WORK INSTRUCTIONS:
Transcribe only the part of the material below that begins at the line containing "Vintage Brass Metal Tulip Sculpture" and ends at the line containing "Carbon Fiber Sunset", with both kept and images left out.

SUPPLIED MATERIAL:
---*---

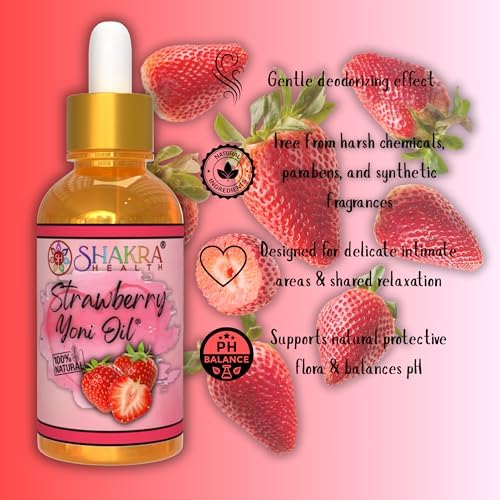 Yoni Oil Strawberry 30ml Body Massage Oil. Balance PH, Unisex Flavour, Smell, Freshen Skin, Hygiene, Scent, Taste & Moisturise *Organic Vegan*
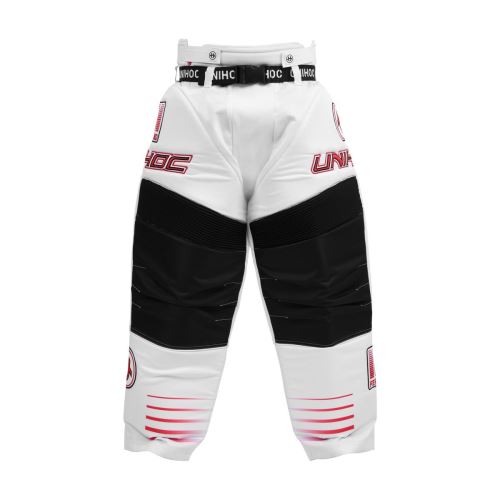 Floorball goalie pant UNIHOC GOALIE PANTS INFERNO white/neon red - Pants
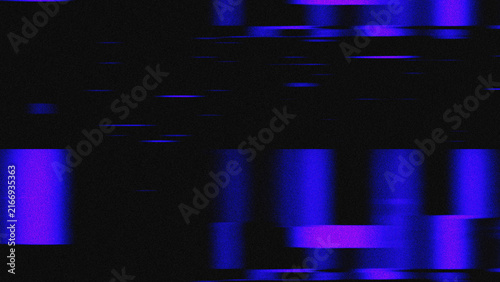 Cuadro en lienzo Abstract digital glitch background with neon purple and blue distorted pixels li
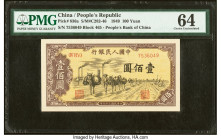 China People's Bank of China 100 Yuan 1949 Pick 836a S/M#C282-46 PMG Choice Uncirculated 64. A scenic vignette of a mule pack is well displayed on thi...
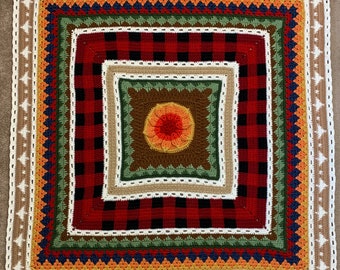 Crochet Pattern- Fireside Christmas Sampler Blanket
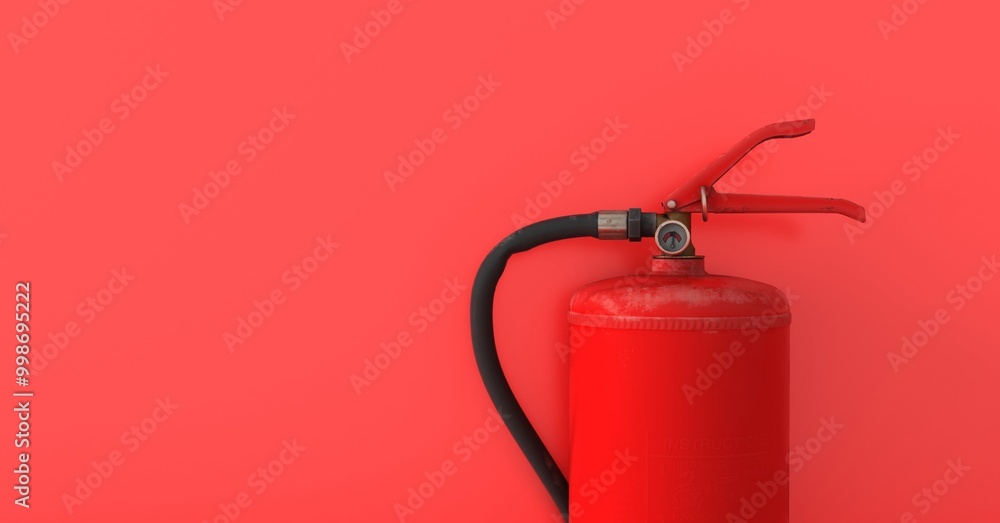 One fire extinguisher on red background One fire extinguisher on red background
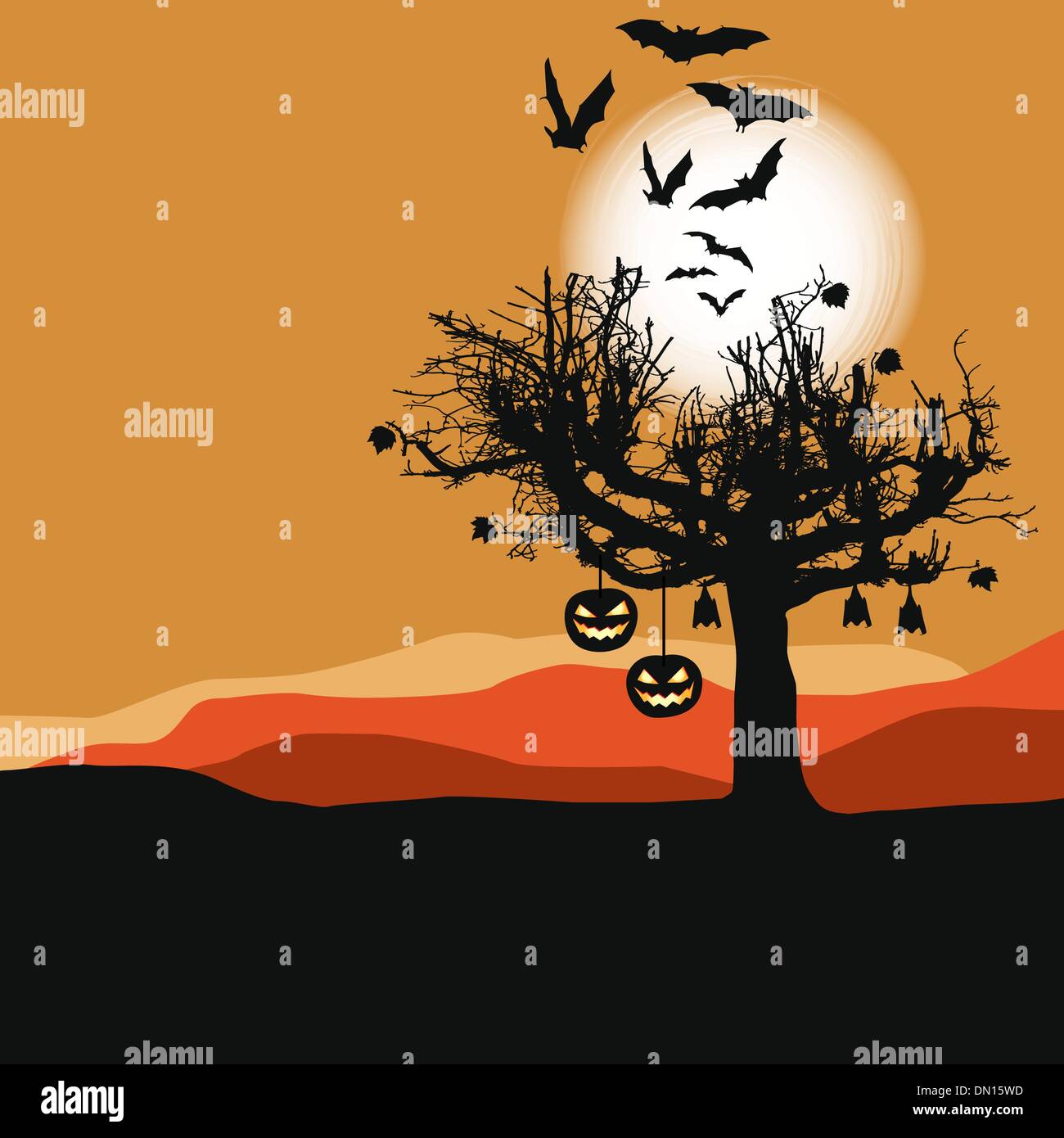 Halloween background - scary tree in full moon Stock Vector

---*---

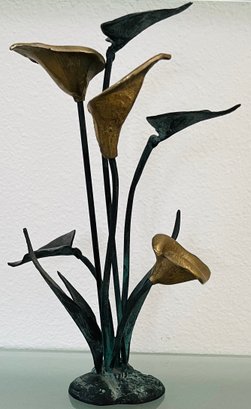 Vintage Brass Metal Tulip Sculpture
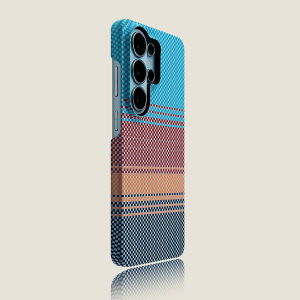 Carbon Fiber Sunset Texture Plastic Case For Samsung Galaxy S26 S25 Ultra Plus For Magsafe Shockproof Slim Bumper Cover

---*---

SOLUTION:
 Vintage Brass Metal Tulip Sculpture
 Carbon Fiber Sunset Texture Plastic Case For Samsung Galaxy S26 S25 Ultra Plus For Magsafe Shockproof Slim Bumper Cover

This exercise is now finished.